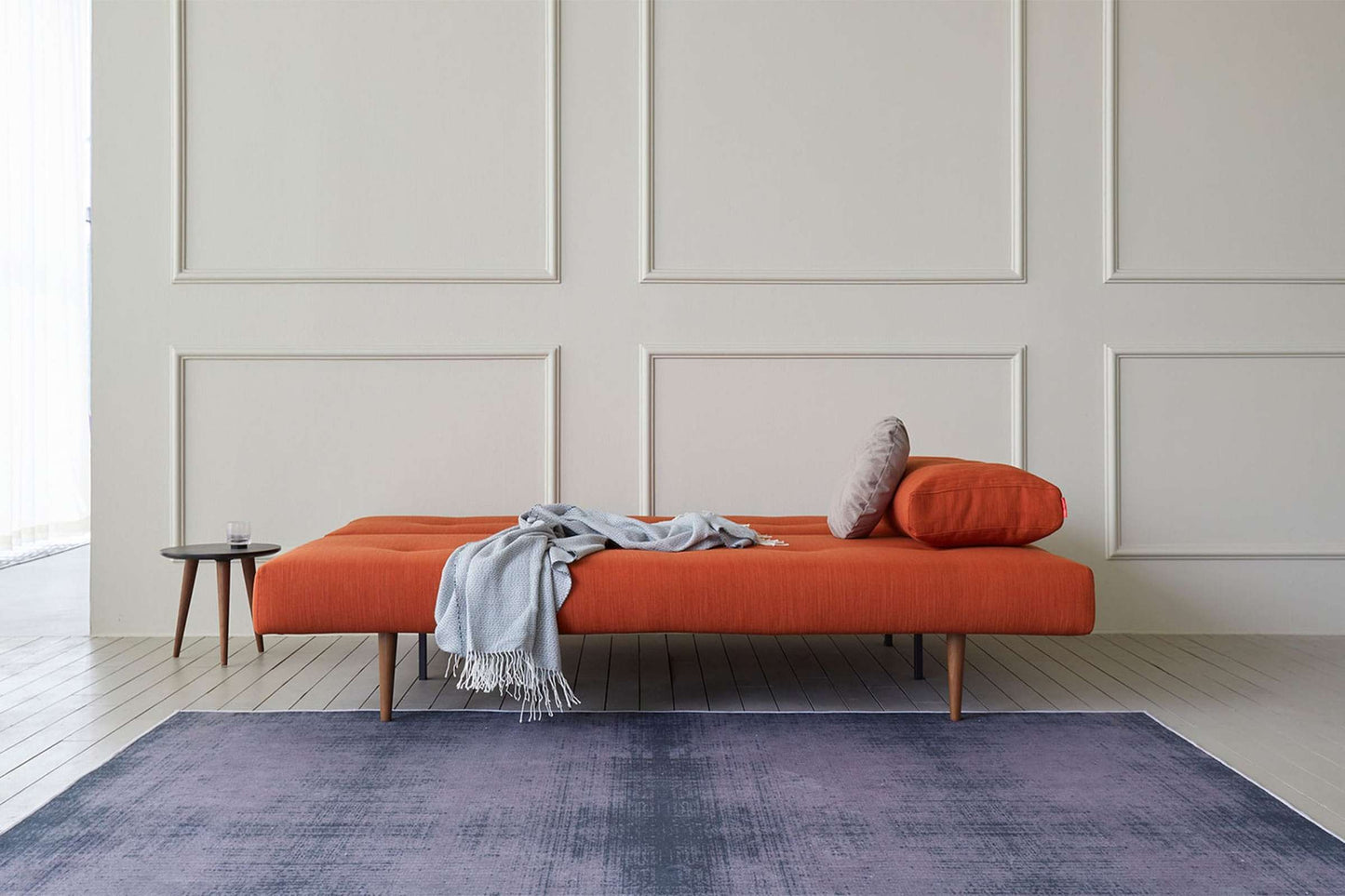 Recast Plus Sofa Bed w/Walnut Arms (Full Size) Elegance Paprika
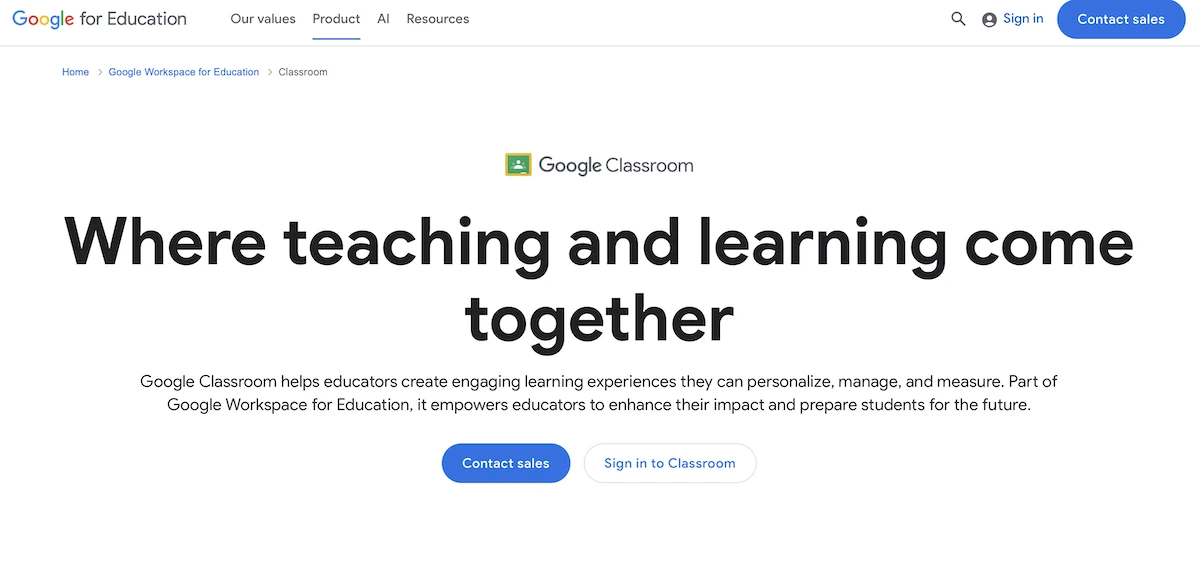 Google Classroom 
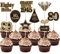 Xsstarmi 36 Pack 80th Birthday Cupcake Toppers Double Printed Eighty Hello 80th Straight Outta 1945 Cupcake Picks for Cheers to 80 Years 80th Birthday Wedding Party Decoration Supplies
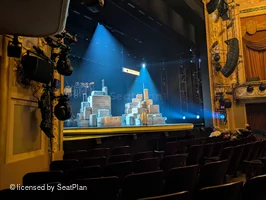 Longacre Theatre Orchestra G14 view from seat photo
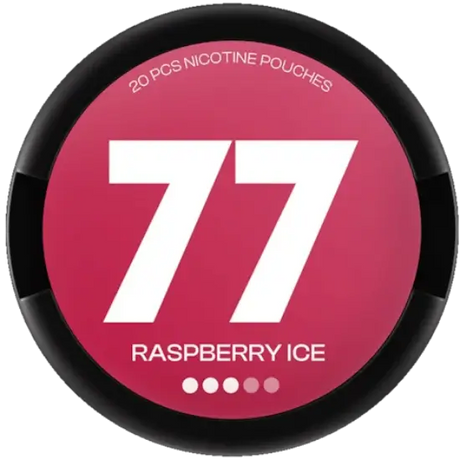 77 Raspberry Ice Medium nicotine pouches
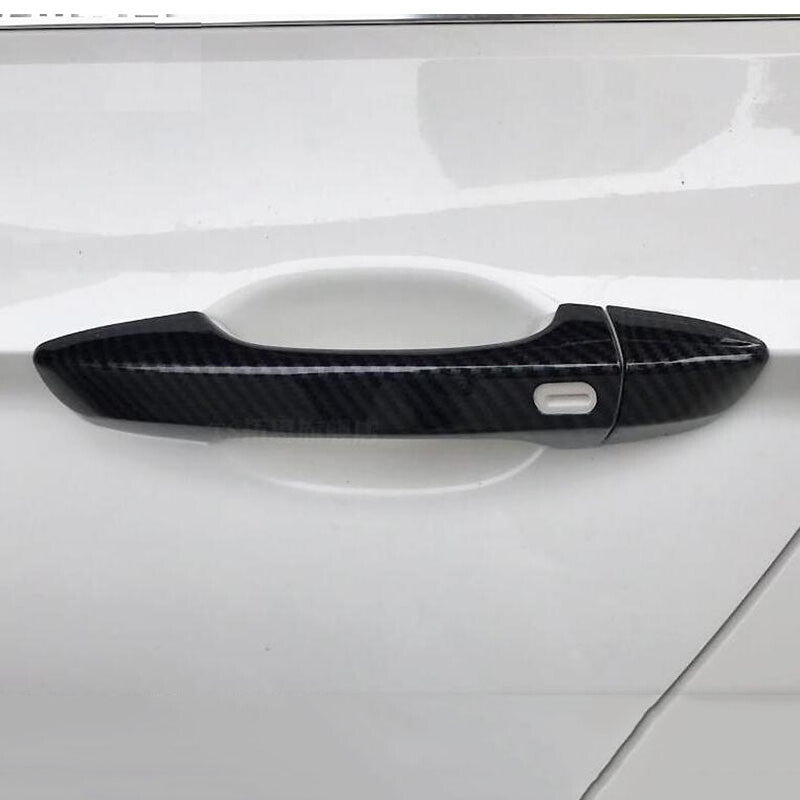 Carbon fibre Door Handle Cover Trim Overlay Cap for Volkswagen for Tiguan 2017-2021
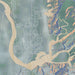 Florence Oregon Map Print in Afternoon Style Zoomed In Close Up Showing Details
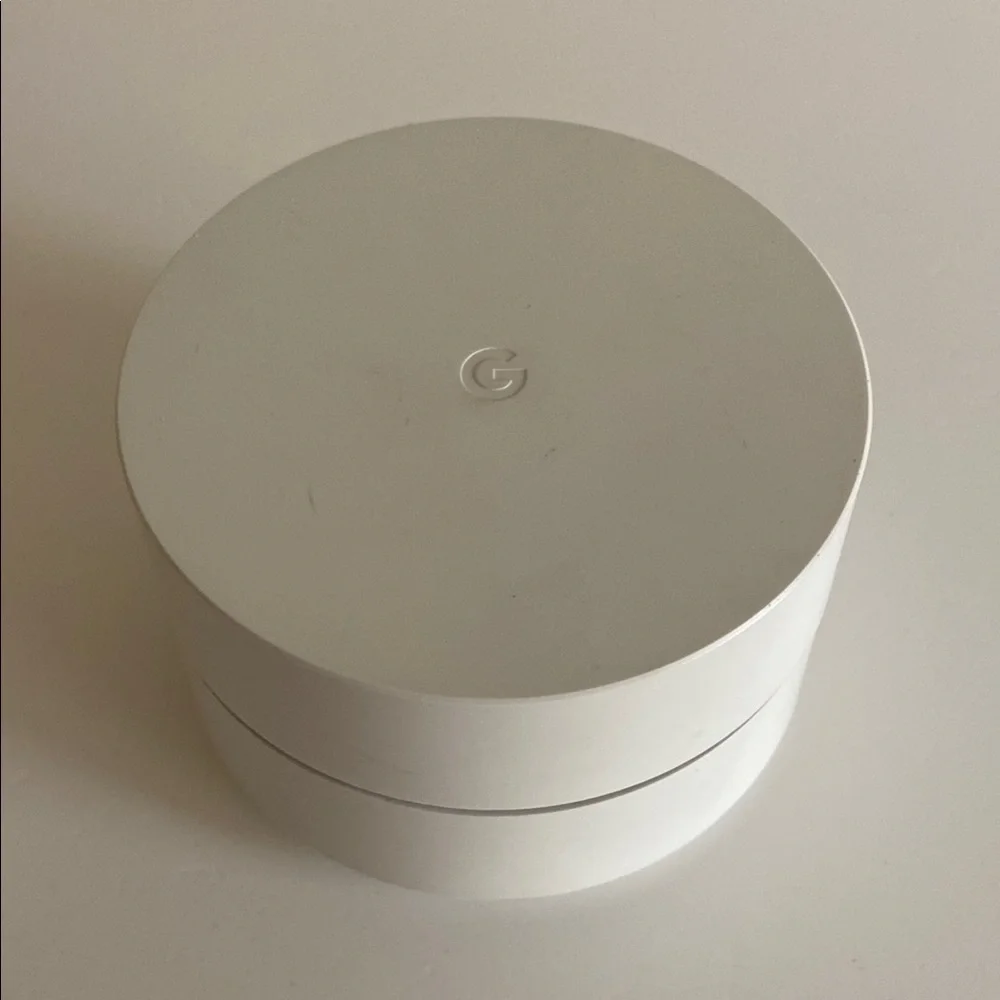 Google Mesh GJ2CQ WiFi Router White only no power cord replacement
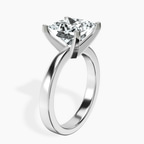18kt White Gold Jannel Tapering Solitaire Lab Diamond Ring standing product image one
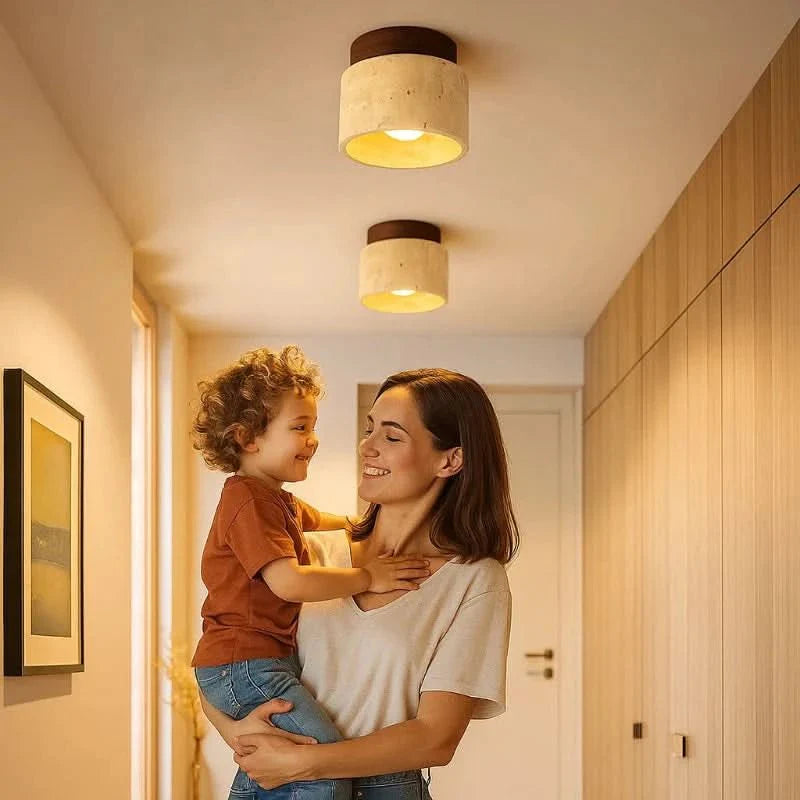Skanto | Minimalistisk LED-lampe laget av tre for en rolig atmosfære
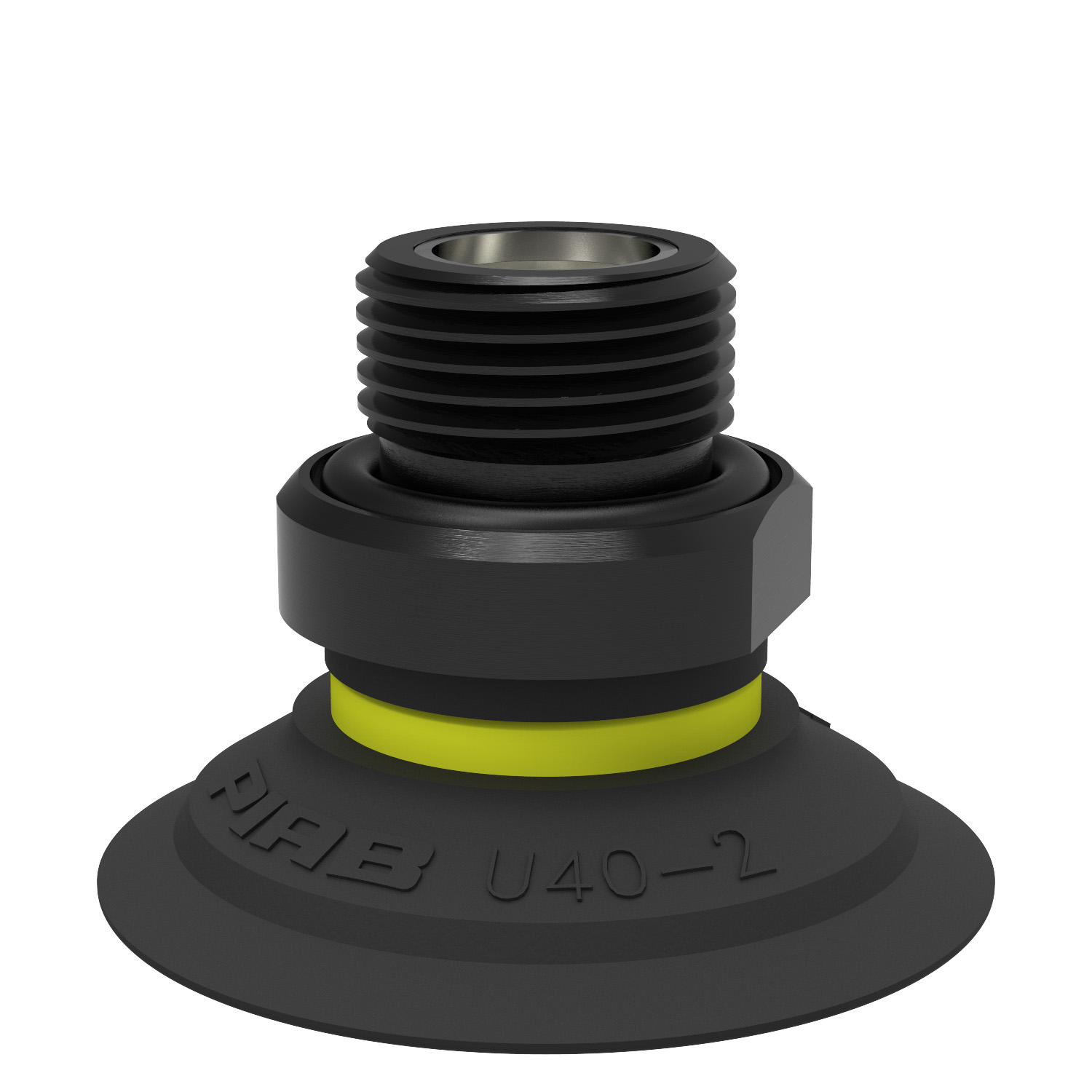 Piab Suction cup U40-2 Nitrile-PVC, G3/8 male, with dual flow control valve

■ **WORK ORDER**: Write the entries out again word for word. Omit all pictures from them.

■ **YOUR RESPONSE**:
 Recast Plus Sofa Bed w/Walnut Arms (Full Size) Elegance Paprika
 Google Classroom 
 Xsstarmi 36 Pack 80th Birthday Cupcake Toppers Double Printed Eighty Hello 80th Straight Outta 1945 Cupcake Picks for Cheers to 80 Years 80th Birthday Wedding Party Decoration Supplies
 Longacre Theatre Orchestra G14 view from seat photo
 77 Raspberry Ice Medium nicotine pouches
 Carbon fibre Door Handle Cover Trim Overlay Cap for Volkswagen for Tiguan 2017-2021
 Florence Oregon Map Print in Afternoon Style Zoomed In Close Up Showing Details
 Google Mesh GJ2CQ WiFi Router White only no power cord replacement
18kt White Gold Jannel Tapering Solitaire Lab Diamond Ring standing product image one
Skanto | Minimalistisk LED-lampe laget av tre for en rolig atmosfære
 Piab Suction cup U40-2 Nitrile-PVC, G3/8 male, with dual flow control valve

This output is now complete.